**WORK TASK**
In this exercise, the entries below include pictures. Repeat exactly the lines from the line with "Picture 02 - عِبرانِيّين" to the line with "ej namngivit platsen.", including both, but without the pictures.

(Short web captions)
▼

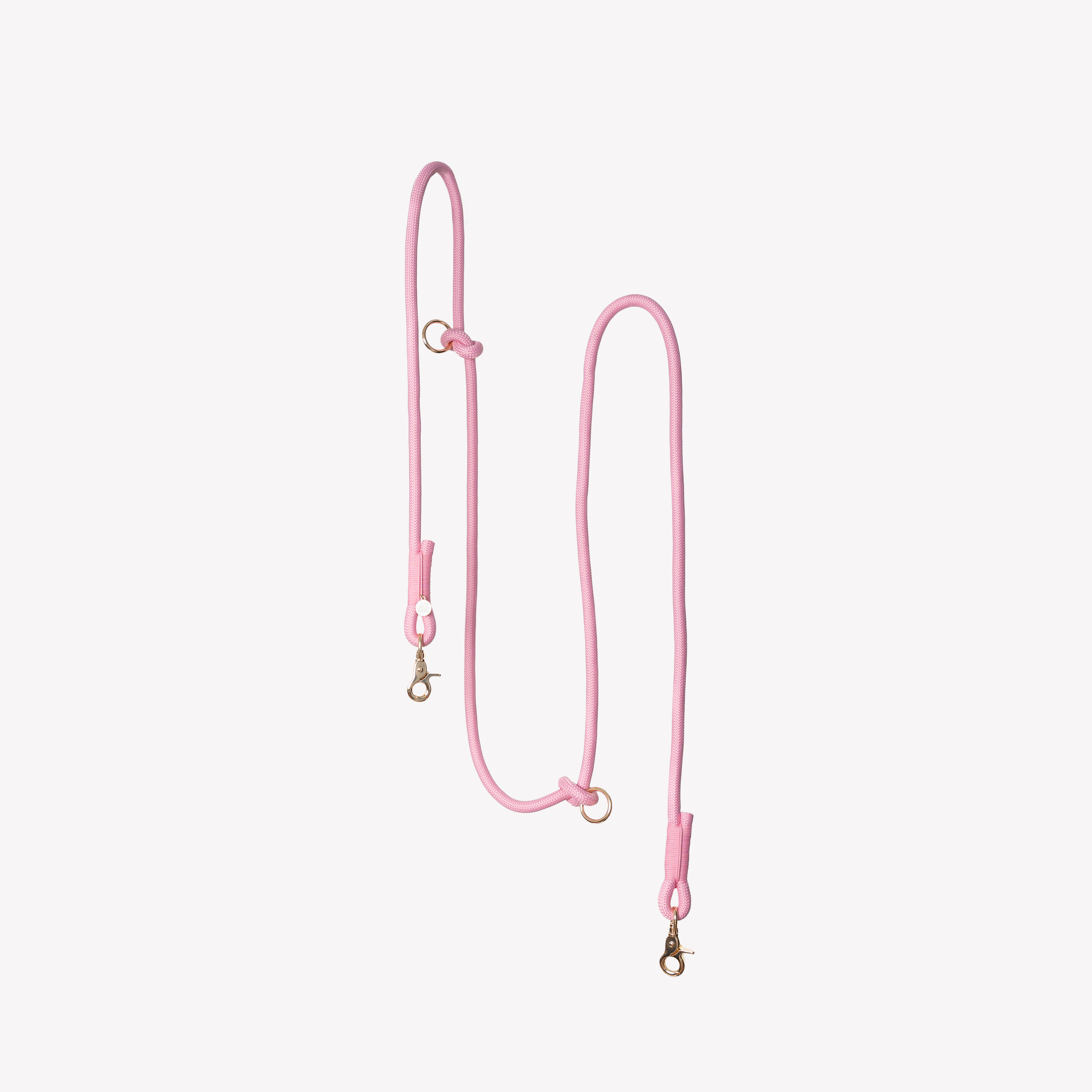 Collars & Leashes
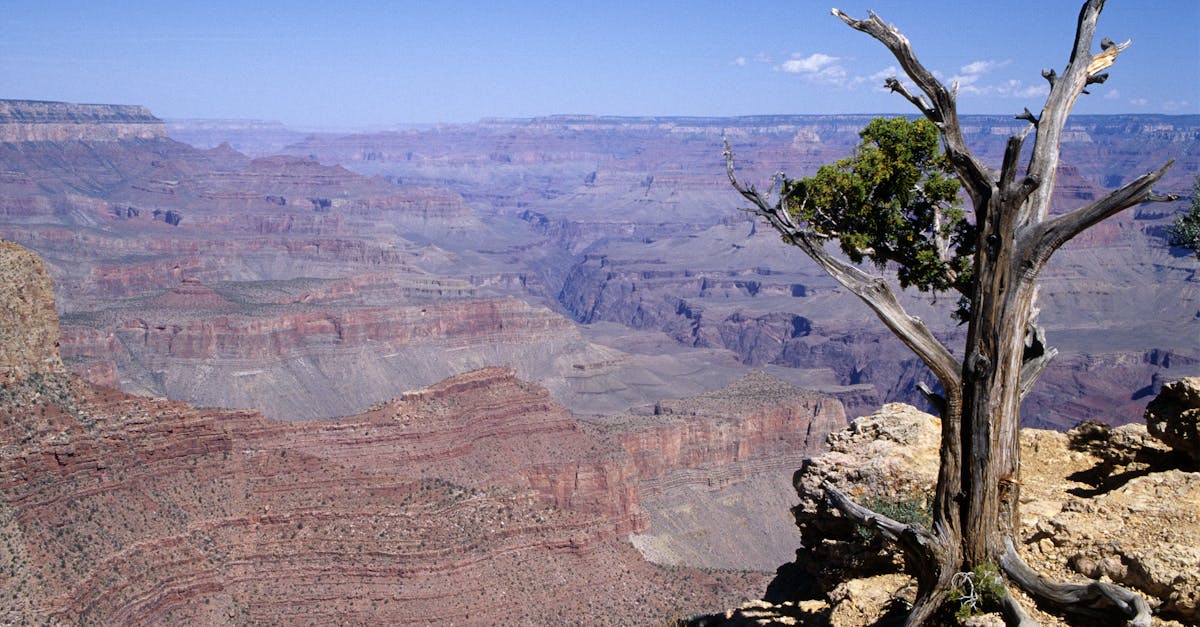 Breathtaking view of the Grand Canyon showcasing a lone tree, rich in colors and textures under clear blue skies.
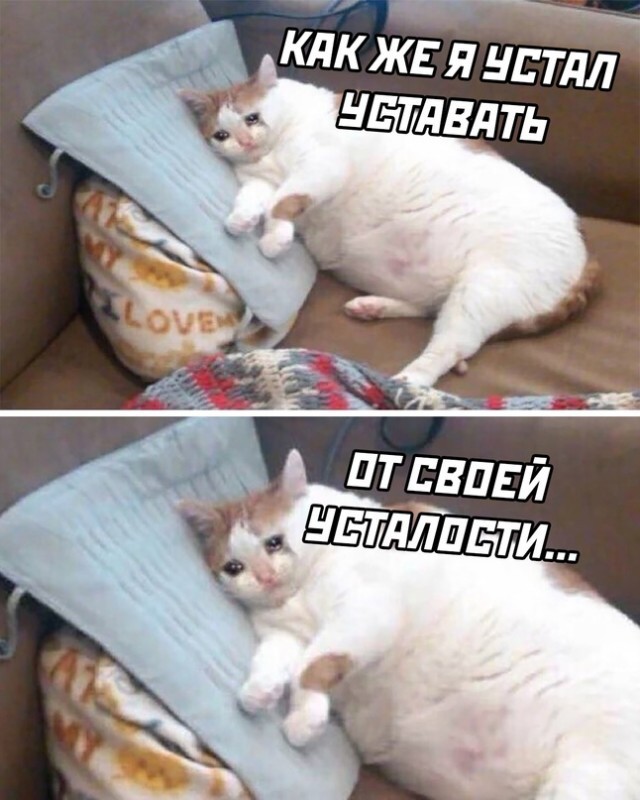 Всяко разные картинки 19.11.2021
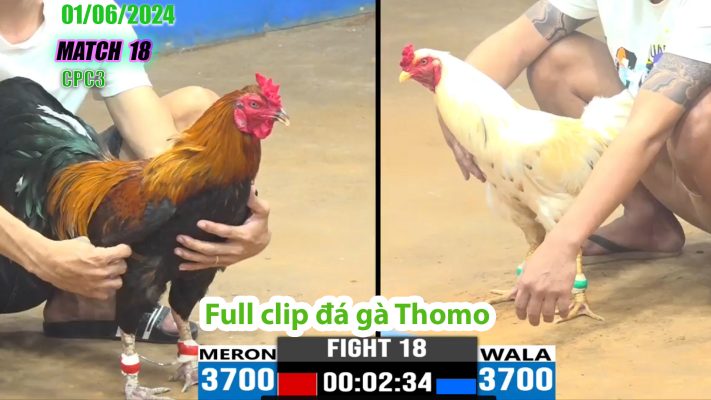 CPC3- TRẬN 18 | đá gà Thomo | 01/06/2024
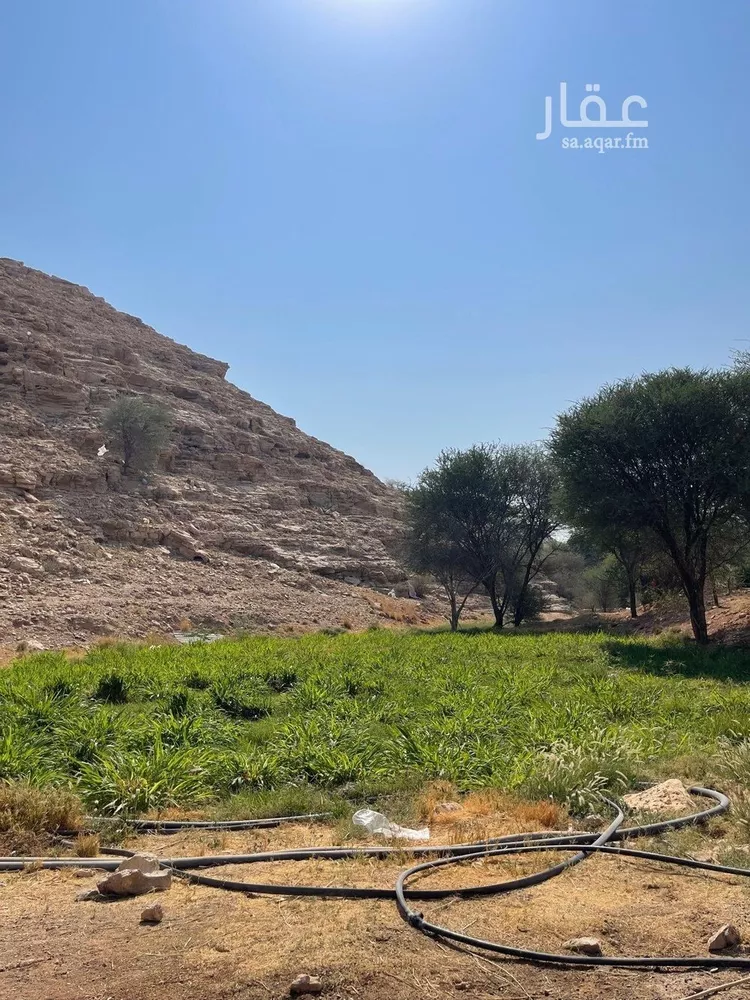 مزرعة للبيع في شارع بدون, حي عريض, مدينة الرياض, منطقة الرياض 7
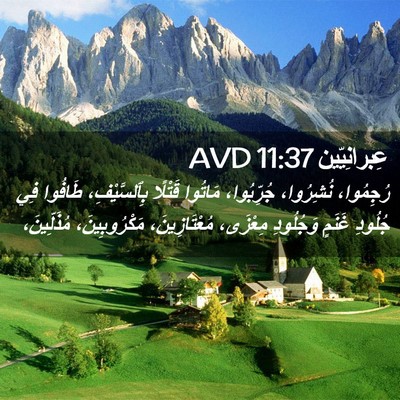 Picture 02 - عِبرانِيّين 11:37 AVD - رُجِمُوا، نُشِرُوا، - Bible Verse Picture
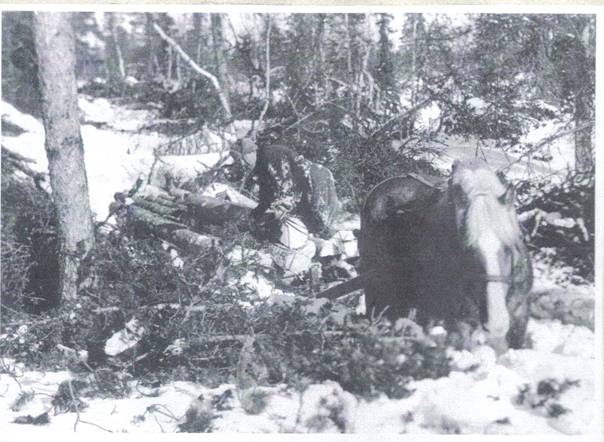 image194.jpg -  Foto Sigurd Elenius 1953, bildlån Kjell och Bertil Elenius Här Fabian Elenius 1905-1979 i timmerskogen. Sigurd har ej namngivit platsen.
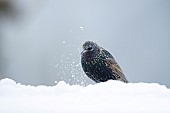 Common starling Sturnus vulgaris adult bird in a snow covered garden, Suffolk, England, UK, February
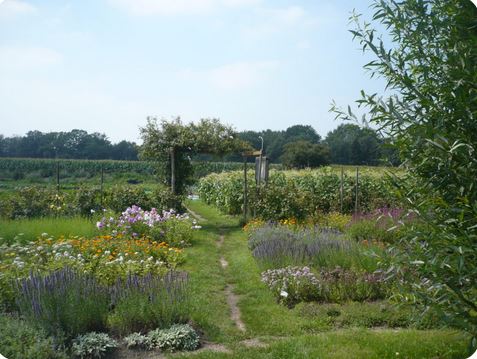 Jardiner avec la Lune Prendre soin du jardin et la biodynamie au jardin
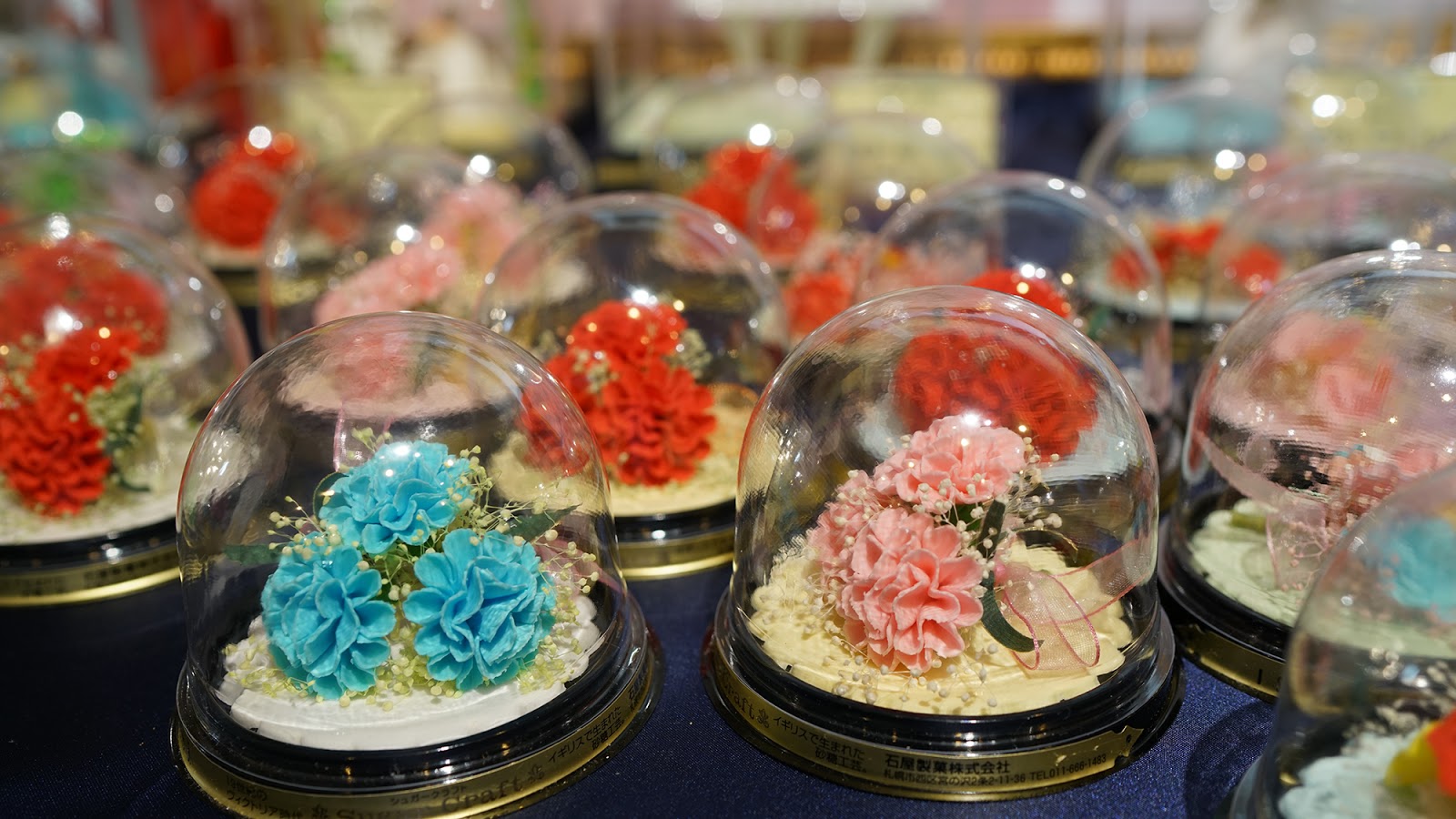 Flowers inside glass domes free picture for commercial use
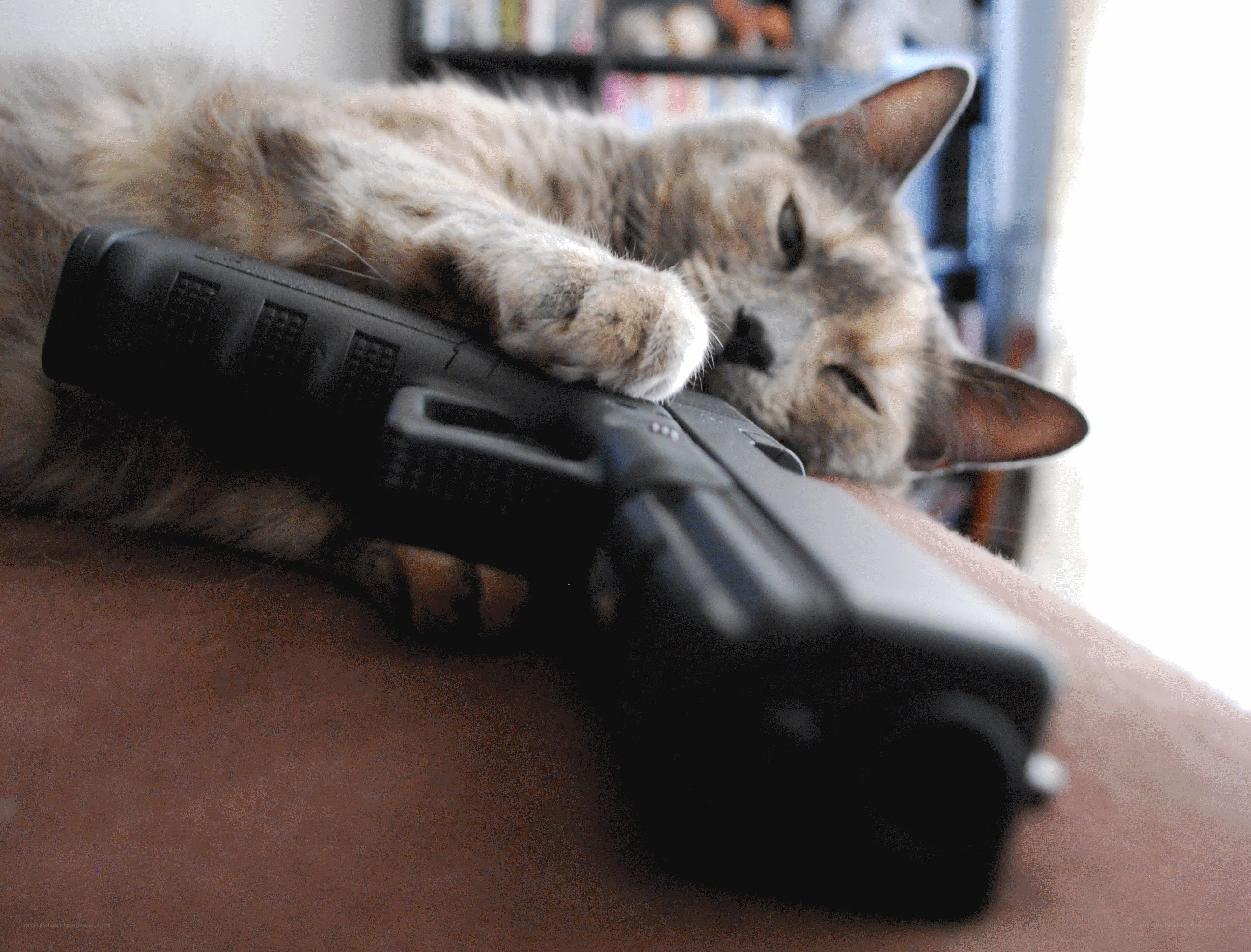 Cat sleeping with a gun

▲

**EXERCISE ANSWER**
 Picture 02 - عِبرانِيّين 11:37 AVD - رُجِمُوا، نُشِرُوا، - Bible Verse Picture
 image194.jpg -  Foto Sigurd Elenius 1953, bildlån Kjell och Bertil Elenius Här Fabian Elenius 1905-1979 i timmerskogen. Sigurd har ej namngivit platsen.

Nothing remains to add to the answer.